* [Your objective] Under this line is some data; print exactly the lines from the one containing "Zara black faux" through its last line, without pictures.

Captioned web image data:
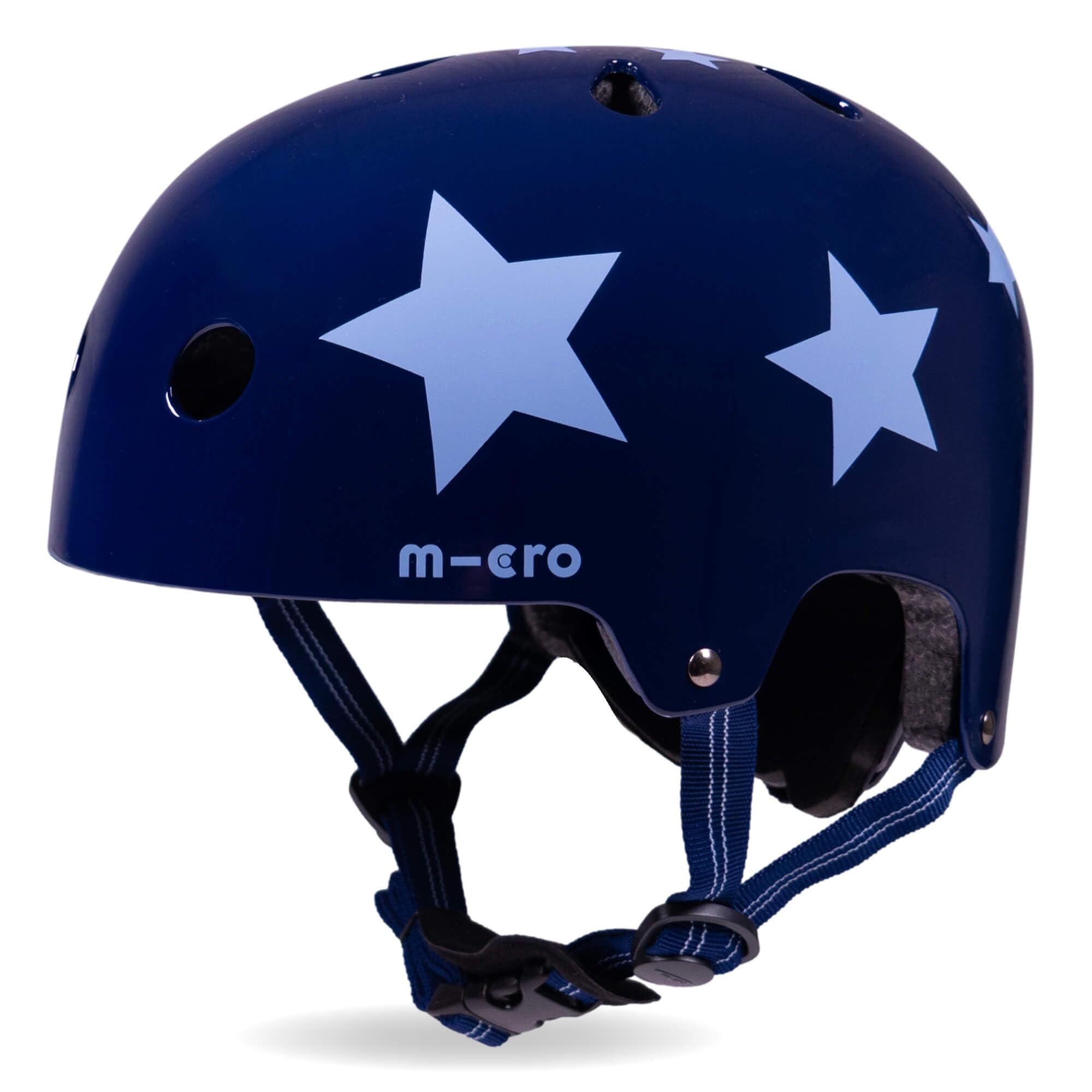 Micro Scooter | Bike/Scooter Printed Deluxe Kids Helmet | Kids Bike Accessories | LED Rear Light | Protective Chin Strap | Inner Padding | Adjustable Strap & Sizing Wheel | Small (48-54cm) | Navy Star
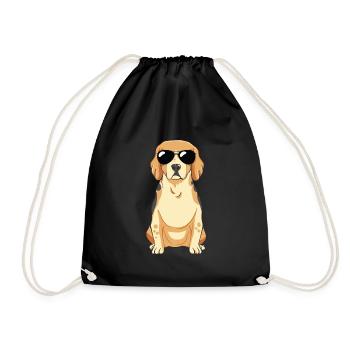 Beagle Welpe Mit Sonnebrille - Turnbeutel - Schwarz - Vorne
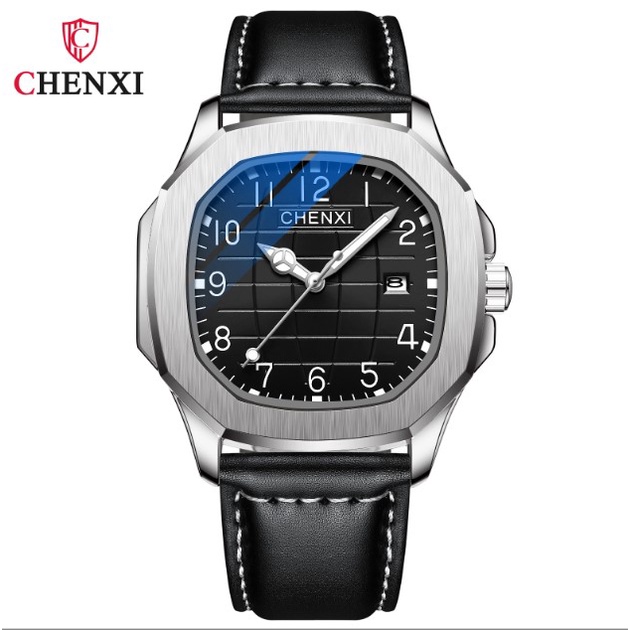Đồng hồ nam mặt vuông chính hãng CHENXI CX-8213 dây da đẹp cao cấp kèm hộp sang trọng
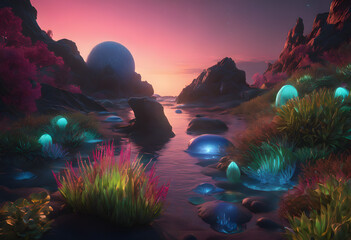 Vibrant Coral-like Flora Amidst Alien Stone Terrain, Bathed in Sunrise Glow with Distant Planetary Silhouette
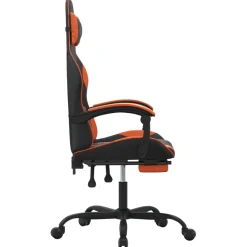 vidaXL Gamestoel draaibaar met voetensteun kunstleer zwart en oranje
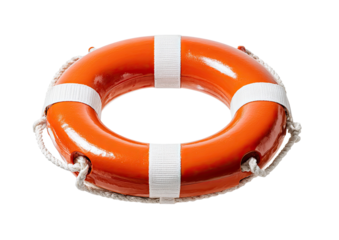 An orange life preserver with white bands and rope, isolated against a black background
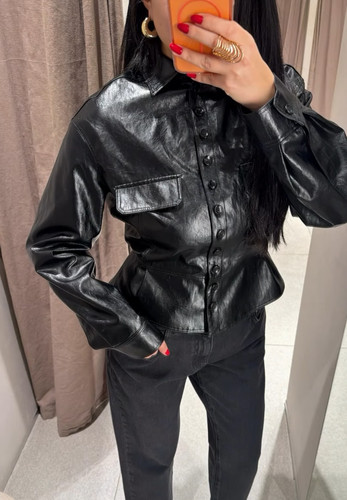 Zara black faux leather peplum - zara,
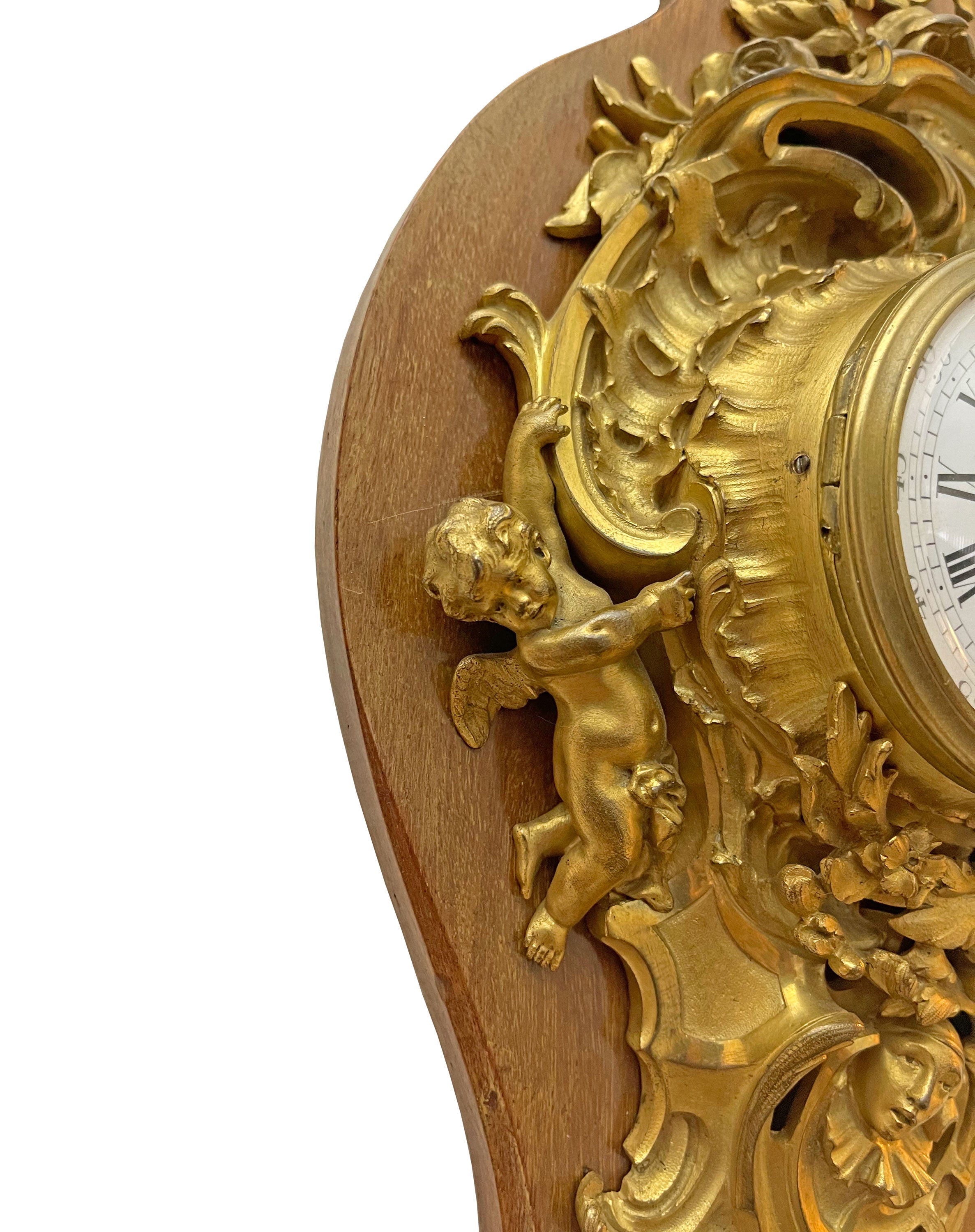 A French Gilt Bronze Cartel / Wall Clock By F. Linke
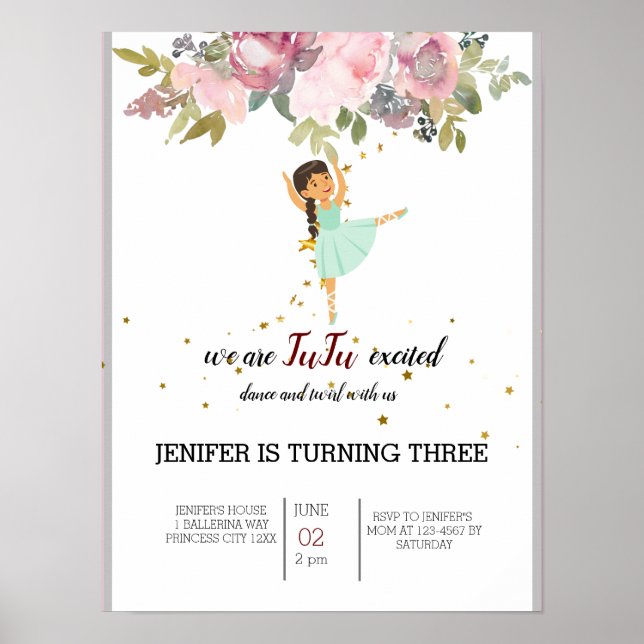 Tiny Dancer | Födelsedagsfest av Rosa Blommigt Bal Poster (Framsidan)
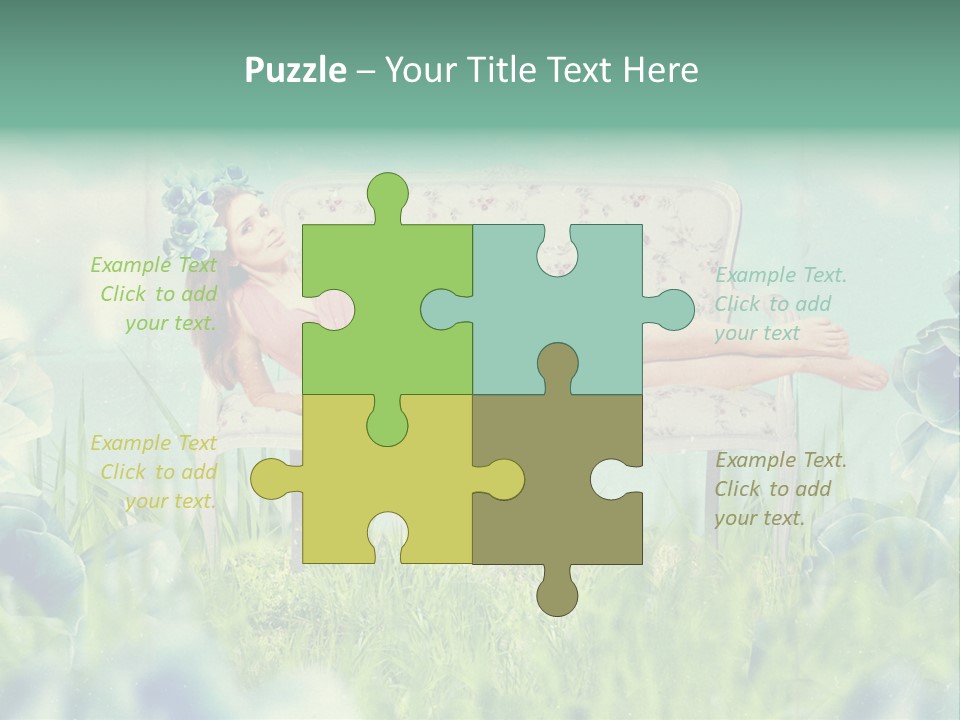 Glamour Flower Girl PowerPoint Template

* [Answer to the problem]
 Zara black faux leather peplum - zara,
 A French Gilt Bronze Cartel / Wall Clock By F. Linke
 Tiny Dancer | Födelsedagsfest av Rosa Blommigt Bal Poster (Framsidan)
 Glamour Flower Girl PowerPoint Template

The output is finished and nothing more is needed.